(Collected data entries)

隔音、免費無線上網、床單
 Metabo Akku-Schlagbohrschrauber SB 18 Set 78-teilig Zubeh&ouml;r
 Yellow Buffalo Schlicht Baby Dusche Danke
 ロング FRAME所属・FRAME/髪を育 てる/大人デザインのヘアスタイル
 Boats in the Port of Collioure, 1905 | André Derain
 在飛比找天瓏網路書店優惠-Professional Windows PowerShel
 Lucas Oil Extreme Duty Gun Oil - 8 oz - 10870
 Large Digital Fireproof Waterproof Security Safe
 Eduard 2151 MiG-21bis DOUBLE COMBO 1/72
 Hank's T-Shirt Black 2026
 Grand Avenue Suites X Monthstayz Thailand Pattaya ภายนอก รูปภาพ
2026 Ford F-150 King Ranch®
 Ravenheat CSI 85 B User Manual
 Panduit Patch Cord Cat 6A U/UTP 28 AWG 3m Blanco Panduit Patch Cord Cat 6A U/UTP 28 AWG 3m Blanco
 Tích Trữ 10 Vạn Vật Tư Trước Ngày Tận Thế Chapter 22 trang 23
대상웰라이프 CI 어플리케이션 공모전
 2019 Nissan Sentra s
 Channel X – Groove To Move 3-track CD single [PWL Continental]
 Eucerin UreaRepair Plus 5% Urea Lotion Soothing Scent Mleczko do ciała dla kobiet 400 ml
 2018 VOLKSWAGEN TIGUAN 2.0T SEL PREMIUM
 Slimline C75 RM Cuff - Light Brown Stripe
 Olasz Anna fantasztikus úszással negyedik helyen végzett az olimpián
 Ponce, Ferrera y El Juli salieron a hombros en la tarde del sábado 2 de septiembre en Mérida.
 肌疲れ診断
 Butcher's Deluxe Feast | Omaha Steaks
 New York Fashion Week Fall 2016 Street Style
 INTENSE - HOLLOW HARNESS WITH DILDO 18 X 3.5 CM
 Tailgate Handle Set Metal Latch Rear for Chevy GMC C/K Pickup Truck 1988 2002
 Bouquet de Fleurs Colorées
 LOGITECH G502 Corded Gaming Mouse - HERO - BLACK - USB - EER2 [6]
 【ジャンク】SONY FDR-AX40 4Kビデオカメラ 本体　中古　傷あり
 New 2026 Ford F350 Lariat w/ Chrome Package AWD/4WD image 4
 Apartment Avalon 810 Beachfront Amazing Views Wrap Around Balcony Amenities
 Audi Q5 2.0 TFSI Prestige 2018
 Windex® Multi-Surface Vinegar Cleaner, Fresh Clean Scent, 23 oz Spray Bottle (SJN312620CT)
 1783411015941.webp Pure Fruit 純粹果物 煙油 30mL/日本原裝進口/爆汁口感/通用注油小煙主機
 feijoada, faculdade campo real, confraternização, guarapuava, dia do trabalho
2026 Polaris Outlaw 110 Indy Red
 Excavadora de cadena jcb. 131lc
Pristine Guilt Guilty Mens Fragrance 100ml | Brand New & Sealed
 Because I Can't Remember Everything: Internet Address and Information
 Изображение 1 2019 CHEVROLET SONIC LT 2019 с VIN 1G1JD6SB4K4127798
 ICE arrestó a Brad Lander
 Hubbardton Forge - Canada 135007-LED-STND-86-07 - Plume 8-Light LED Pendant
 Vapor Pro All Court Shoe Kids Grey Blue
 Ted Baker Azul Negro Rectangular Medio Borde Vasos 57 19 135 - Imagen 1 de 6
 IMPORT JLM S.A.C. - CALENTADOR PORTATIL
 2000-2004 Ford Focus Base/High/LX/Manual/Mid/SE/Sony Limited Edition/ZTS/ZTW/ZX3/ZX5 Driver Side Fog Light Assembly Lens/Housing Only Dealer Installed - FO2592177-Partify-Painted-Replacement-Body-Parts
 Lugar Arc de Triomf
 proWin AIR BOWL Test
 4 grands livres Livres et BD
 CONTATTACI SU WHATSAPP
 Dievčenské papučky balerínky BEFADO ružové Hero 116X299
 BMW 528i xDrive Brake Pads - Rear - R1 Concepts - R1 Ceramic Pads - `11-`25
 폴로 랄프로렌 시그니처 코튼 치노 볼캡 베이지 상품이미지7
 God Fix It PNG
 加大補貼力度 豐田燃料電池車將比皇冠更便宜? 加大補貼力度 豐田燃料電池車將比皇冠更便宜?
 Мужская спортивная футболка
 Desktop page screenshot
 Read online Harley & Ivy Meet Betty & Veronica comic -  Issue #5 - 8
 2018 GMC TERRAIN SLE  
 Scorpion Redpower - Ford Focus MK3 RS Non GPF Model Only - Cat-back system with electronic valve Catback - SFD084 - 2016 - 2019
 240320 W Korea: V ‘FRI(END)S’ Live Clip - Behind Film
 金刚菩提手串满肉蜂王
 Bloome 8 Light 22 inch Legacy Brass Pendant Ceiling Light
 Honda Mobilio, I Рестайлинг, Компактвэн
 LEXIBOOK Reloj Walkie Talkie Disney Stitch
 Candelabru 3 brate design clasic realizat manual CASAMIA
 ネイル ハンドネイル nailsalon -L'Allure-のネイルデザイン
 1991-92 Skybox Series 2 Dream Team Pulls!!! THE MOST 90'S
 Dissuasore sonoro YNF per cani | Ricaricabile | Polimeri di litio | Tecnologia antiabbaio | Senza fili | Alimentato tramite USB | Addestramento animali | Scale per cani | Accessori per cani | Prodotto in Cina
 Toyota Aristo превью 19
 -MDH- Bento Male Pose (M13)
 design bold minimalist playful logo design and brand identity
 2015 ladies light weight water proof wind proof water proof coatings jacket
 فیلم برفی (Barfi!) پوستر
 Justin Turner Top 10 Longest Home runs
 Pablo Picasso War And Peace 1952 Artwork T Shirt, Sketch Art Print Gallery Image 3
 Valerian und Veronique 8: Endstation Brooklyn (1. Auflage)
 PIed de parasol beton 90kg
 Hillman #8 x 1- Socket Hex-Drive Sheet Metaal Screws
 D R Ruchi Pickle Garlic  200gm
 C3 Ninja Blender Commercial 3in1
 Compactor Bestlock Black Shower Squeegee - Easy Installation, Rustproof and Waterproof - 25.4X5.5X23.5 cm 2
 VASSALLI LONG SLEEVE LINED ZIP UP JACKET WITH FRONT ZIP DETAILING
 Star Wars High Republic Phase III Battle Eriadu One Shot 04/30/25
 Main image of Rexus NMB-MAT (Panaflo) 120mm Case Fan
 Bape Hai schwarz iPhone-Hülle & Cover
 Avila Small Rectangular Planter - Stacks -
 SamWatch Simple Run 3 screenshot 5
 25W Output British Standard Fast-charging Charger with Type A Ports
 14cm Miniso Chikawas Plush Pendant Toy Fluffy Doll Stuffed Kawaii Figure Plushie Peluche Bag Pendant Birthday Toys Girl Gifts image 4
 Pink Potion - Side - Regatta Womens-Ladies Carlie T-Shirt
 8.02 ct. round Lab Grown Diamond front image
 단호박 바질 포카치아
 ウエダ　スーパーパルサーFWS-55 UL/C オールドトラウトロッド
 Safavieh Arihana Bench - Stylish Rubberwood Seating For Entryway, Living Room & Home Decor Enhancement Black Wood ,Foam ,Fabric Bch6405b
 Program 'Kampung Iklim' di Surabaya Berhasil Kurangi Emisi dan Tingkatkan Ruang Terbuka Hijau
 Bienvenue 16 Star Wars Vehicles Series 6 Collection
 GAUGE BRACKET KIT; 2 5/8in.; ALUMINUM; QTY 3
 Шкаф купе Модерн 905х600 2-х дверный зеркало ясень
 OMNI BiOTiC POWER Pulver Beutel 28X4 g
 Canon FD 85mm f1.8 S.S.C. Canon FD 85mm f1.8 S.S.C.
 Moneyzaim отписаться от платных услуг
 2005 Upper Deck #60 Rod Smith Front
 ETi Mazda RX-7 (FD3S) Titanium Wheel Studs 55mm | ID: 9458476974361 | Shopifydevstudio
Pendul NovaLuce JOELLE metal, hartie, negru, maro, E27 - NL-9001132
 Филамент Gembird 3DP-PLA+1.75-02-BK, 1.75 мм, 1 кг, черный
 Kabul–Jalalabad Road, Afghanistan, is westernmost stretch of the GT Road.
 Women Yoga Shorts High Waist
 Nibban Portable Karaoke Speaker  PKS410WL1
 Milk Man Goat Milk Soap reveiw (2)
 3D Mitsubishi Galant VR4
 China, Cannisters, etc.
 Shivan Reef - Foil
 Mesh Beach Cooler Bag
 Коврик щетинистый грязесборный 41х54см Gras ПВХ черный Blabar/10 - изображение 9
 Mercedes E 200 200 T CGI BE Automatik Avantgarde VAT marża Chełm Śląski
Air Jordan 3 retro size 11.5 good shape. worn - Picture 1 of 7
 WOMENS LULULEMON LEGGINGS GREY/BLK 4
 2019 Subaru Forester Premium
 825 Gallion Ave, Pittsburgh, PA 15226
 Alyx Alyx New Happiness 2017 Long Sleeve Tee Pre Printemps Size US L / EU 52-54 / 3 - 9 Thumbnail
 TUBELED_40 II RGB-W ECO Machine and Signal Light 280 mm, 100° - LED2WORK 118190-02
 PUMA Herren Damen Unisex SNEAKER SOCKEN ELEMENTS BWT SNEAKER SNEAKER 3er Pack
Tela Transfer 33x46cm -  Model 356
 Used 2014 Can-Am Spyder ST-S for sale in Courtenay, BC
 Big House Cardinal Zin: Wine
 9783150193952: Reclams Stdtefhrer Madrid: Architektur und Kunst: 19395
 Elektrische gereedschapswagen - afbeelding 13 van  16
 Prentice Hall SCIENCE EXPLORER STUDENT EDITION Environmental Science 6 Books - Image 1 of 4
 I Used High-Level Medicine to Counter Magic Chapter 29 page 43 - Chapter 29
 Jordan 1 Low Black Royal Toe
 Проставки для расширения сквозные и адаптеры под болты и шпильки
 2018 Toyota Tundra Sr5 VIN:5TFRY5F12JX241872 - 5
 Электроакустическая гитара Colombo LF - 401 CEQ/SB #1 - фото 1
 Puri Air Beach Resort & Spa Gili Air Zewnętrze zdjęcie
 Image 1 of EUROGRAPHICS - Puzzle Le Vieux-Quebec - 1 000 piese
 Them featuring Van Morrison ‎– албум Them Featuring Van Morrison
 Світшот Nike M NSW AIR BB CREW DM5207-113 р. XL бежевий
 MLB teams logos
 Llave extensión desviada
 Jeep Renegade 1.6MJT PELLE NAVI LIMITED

EXERCISE DETAILS — Print exactly the lines above from the one with "8.02 ct. round Lab Grown Diamond front image" to the one with "Program 'Kampung Iklim'", including both.

ANSWER BOX —
 8.02 ct. round Lab Grown Diamond front image
 단호박 바질 포카치아
 ウエダ　スーパーパルサーFWS-55 UL/C オールドトラウトロッド
 Safavieh Arihana Bench - Stylish Rubberwood Seating For Entryway, Living Room & Home Decor Enhancement Black Wood ,Foam ,Fabric Bch6405b
 Program 'Kampung Iklim' di Surabaya Berhasil Kurangi Emisi dan Tingkatkan Ruang Terbuka Hijau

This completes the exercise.